The title that got me raving this time is Hamas fails to condemn Eilat bomb that killed three from Inependent. I don't know whether this title is invented by a bored/stupid editor or by the author (Donald Macintyre), but it could not be farther from reality.

Macintyre himself does confuse the issue even more:

Hamas, which controls the Palestinian Authority, notably refrained from condemning the bombing, with one of its Gaza spokesmen, Fawzi Barhoum, calling it a "natural response" to Israeli military policies in the West Bank and Gaza Strip, as well as its boycott of the authority. " So long as there is occupation, resistance is legitimate," he said.
So, the article offers a spectrum of options, from "fails to condemn" via "refrained from condemning" to "calling it a natural response".

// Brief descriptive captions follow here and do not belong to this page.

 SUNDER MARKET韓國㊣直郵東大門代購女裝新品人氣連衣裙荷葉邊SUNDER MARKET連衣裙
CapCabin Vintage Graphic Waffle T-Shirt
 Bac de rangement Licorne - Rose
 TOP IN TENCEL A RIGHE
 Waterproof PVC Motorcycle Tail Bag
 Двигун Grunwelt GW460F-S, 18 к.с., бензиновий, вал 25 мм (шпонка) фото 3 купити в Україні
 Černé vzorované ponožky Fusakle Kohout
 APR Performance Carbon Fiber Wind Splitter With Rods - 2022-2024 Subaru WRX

I am an admirer of the British knack of understatement. Its pinnacles like this one from Wiki rarely fail to fill me with joy:
Event: British Admiral David Beatty had just watched two of his battle-cruisers explode and disintegrate under German fire at the Battle of Jutland, May 31, 1916. Comment: "There seems to be something wrong with our bloody ships today..."
But in the case of this Indy's article I seriously doubt whether pegging an outright support of the homicidal act as a failure to condemn it is an understatement.

Or just too much eagerness to embellish the stark and ugly reality of Hamas and what it stands for.

Bloody Indy - and this is an understatement of the century.